Looking in indexes: https://pypi.org/simple, https://us-python.pkg.dev/colab-wheels/public/simple/


In [12]:
import pyspark
from pyspark.sql import SparkSession
  
spark = SparkSession.builder.appName("Spark Window Functions ").getOrCreate()
spark

In [13]:
from pyspark.sql.types import StructType,StructField, StringType, IntegerType
data1 = [("James","","Smith","36636","M", 1000, "Sales", 2020),
    ("Michael","Rose","","40288","M", 2000, "Operations",2020),
    ("Robert","","Williams","42114","M", 3000, "Sales",2020),
    ("Maria","Anne","Jones","39192","F", 4000, "Operations",2020),
  ("Ria","Anne","Jones","60000","F", 7000, "Operations",2020)
  
  ]
 
schema1 = StructType([ \
    StructField("firstname",StringType(),True), \
    StructField("middlename",StringType(),True), \
    StructField("lastname",StringType(),True), \
    StructField("id", StringType(), True), \
    StructField("gender", StringType(), True),
    StructField("annualsalary", IntegerType(), True),
    StructField("work", StringType(), True),
    StructField("year", IntegerType(), True),
   
  ])

df1 = spark.createDataFrame(data=data1,schema=schema1)
df1.printSchema()
df1.show(truncate=False)

root
 |-- firstname: string (nullable = true)
 |-- middlename: string (nullable = true)
 |-- lastname: string (nullable = true)
 |-- id: string (nullable = true)
 |-- gender: string (nullable = true)
 |-- annualsalary: integer (nullable = true)
 |-- work: string (nullable = true)
 |-- year: integer (nullable = true)

+---------+----------+--------+-----+------+------------+----------+----+
|firstname|middlename|lastname|id   |gender|annualsalary|work      |year|
+---------+----------+--------+-----+------+------------+----------+----+
|James    |          |Smith   |36636|M     |1000        |Sales     |2020|
|Michael  |Rose      |        |40288|M     |2000        |Operations|2020|
|Robert   |          |Williams|42114|M     |3000        |Sales     |2020|
|Maria    |Anne      |Jones   |39192|F     |4000        |Operations|2020|
|Ria      |Anne      |Jones   |60000|F     |7000        |Operations|2020|
+---------+----------+--------+-----+------+------------+----------+----+



#ILIKE 

SQL ILIKE expression (case insensitive LIKE). 
Returns a boolean Column based on a case ***insensitive*** match.


In [14]:
df1.filter(df1.firstname.ilike('%Ria')).collect()

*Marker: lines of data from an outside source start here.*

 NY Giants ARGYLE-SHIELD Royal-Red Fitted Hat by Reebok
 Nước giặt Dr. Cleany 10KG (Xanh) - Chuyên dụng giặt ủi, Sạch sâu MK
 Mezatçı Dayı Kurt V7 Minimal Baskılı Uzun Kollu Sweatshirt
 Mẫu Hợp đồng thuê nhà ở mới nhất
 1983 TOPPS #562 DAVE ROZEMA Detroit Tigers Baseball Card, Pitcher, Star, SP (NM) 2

[Row(firstname='Maria', middlename='Anne', lastname='Jones', id='39192', gender='F', annualsalary=4000, work='Operations', year=2020),
 Row(firstname='Ria', middlename='Anne', lastname='Jones', id='60000', gender='F', annualsalary=7000, work='Operations', year=2020)]

#RLIKE

We can get similar match with **RLIKE**

In [25]:

df1.filter(df1.firstname.rlike('(?i)Ria$')).collect()

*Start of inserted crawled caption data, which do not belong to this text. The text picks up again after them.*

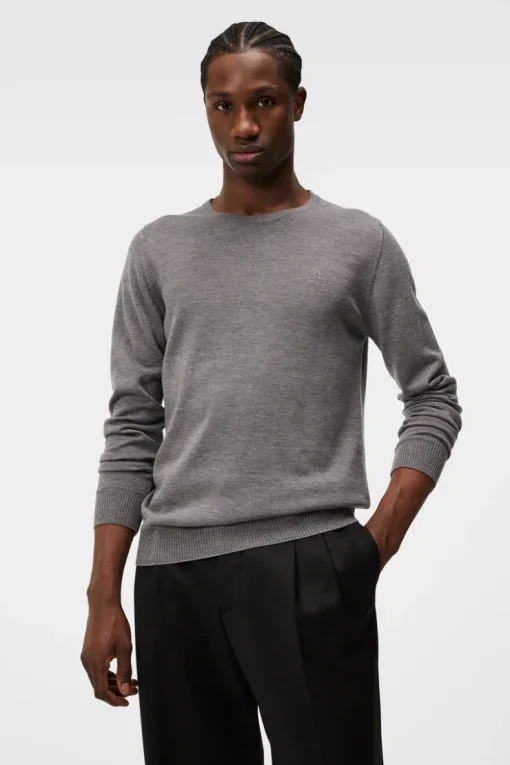 Knitwear|Tops<J.Lindeberg Lyle Merino Crew Neck Sweater GreyMelange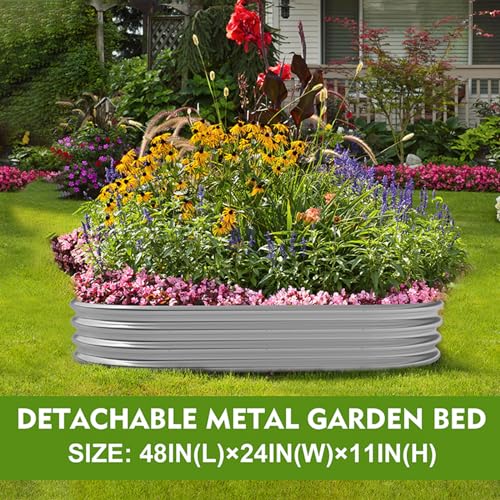 Galvanized Metal Raised Garden Bed for Vegetables, Flowers, Herbs S947997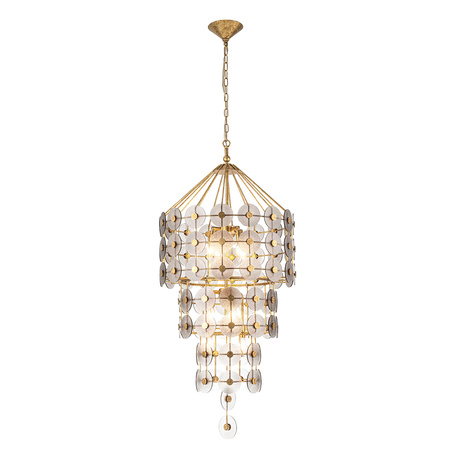 Lampa wisząca Meridian - 9 źródeł światła - Przecierane złoto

[Row(firstname='Maria', middlename='Anne', lastname='Jones', id='39192', gender='F', annualsalary=4000, work='Operations', year=2020),
 Row(firstname='Ria', middlename='Anne', lastname='Jones', id='60000', gender='F', annualsalary=7000, work='Operations', year=2020)]

#LIKE

Case sensitive match

In [16]:
df1.filter(df1.firstname.like('%Ria')).collect()

[Row(firstname='Ria', middlename='Anne', lastname='Jones', id='60000', gender='F', annualsalary=7000, work='Operations', year=2020)]

##with like as expression

In [19]:
df = df1.filter("firstname like '%Ria%'")
df.collect()

[Row(firstname='Ria', middlename='Anne', lastname='Jones', id='60000', gender='F', annualsalary=7000, work='Operations', year=2020)]

#Not Like 

There is nothing like notlike function, however negation of Like can be used to achieve this, 
using the **'~'**operator


In [17]:
df1.filter(~ df1.firstname.like('%Ria')).collect()

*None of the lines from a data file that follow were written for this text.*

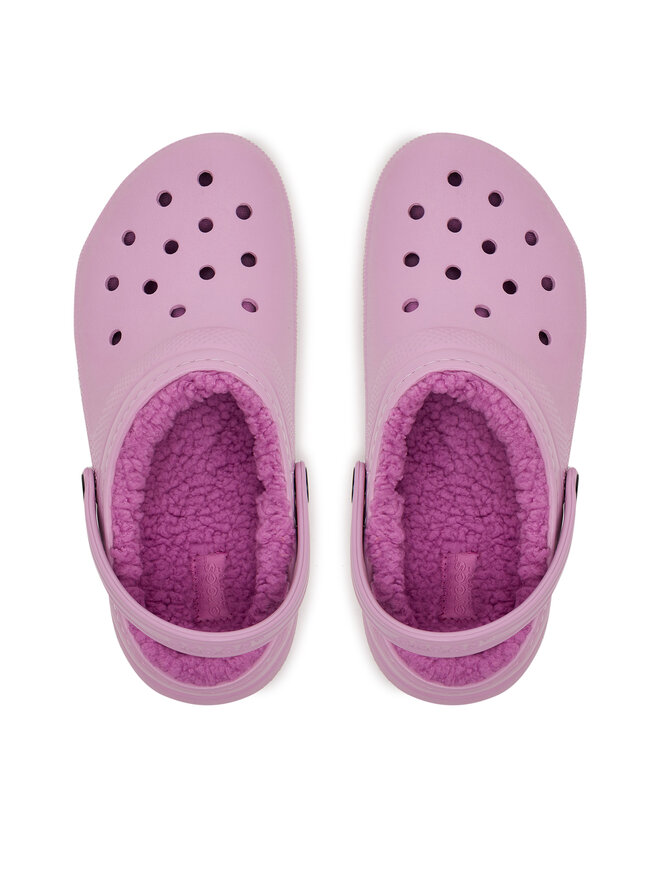 Crocs Şlapi Crocs Classic Lined Clog 207010 Roz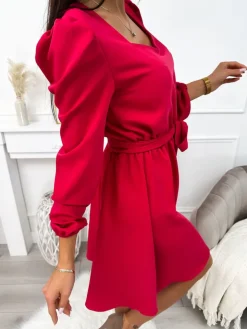 Malinowa Sukienka z Paskiem 11376-300-C|Modna Kiecka Outlet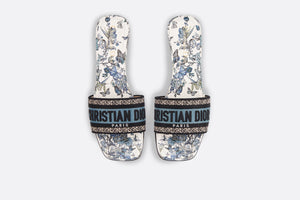 Dway Heeled Slide • Pastel Midnight Blue Multicolor Embroidered Cotton with Toile de Jouy Mexico Motif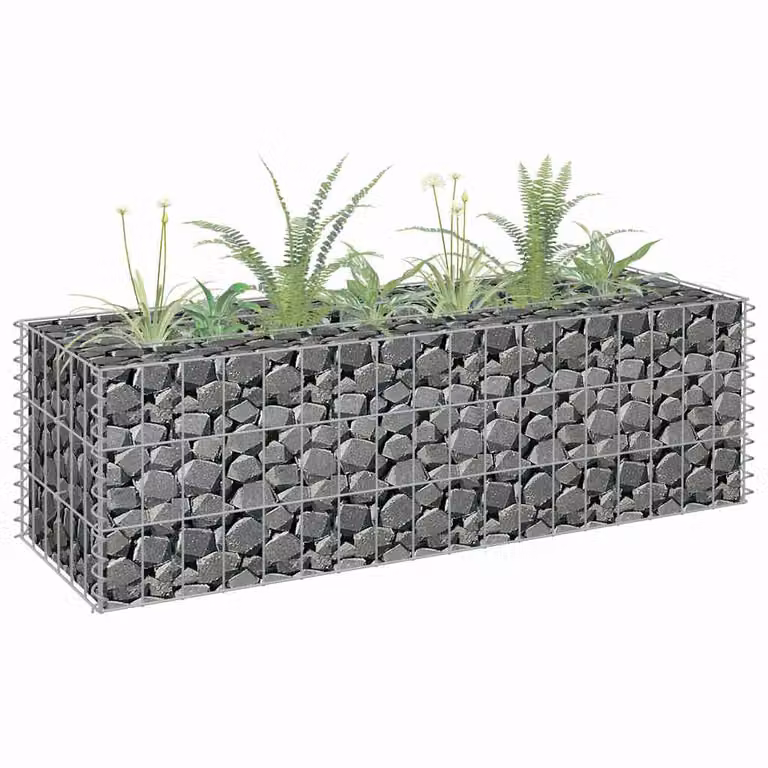 vidaXL Letto Rialzato Gabbione in Acciaio Zincato Grigio L: 90 cm, P: 30 cm, H: 30 cm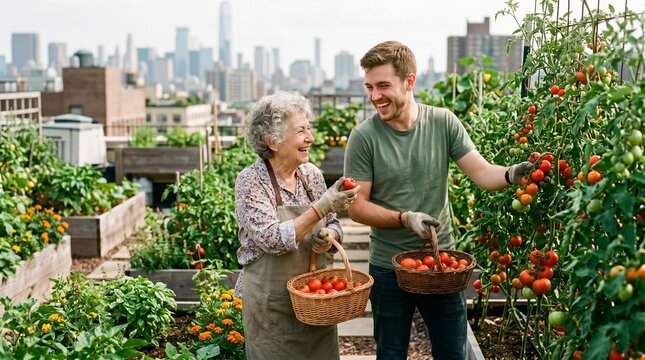 senior couple in the tometo garden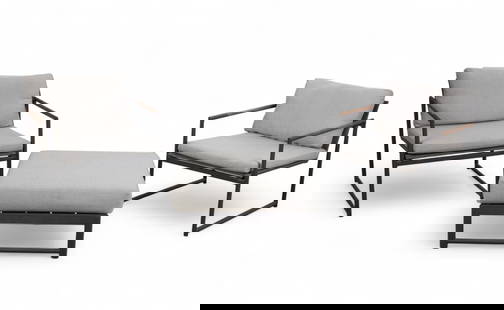 A set of two Harbour Outdoor 'Breeze' lounge chairs and an ottoman: A set of two Harbour Outdoor 'Breeze' lounge chairs and an ottomanEach chair with teak wood armrests and a high-performance aluminum frame. The ottoman of matching construction.Chairs: height 27 1/2in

[Row(firstname='James', middlename='', lastname='Smith', id='36636', gender='M', annualsalary=1000, work='Sales', year=2020),
 Row(firstname='Michael', middlename='Rose', lastname='', id='40288', gender='M', annualsalary=2000, work='Operations', year=2020),
 Row(firstname='Robert', middlename='', lastname='Williams', id='42114', gender='M', annualsalary=3000, work='Sales', year=2020),
 Row(firstname='Maria', middlename='Anne', lastname='Jones', id='39192', gender='F', annualsalary=4000, work='Operations', year=2020)]

##SQL we can use **not like **

In [18]:
df = df1.filter("firstname not like '%Ria%'")
df.collect()

[Row(firstname='James', middlename='', lastname='Smith', id='36636', gender='M', annualsalary=1000, work='Sales', year=2020),
 Row(firstname='Michael', middlename='Rose', lastname='', id='40288', gender='M', annualsalary=2000, work='Operations', year=2020),
 Row(firstname='Robert', middlename='', lastname='Williams', id='42114', gender='M', annualsalary=3000, work='Sales', year=2020),
 Row(firstname='Maria', middlename='Anne', lastname='Jones', id='39192', gender='F', annualsalary=4000, work='Operations', year=2020)]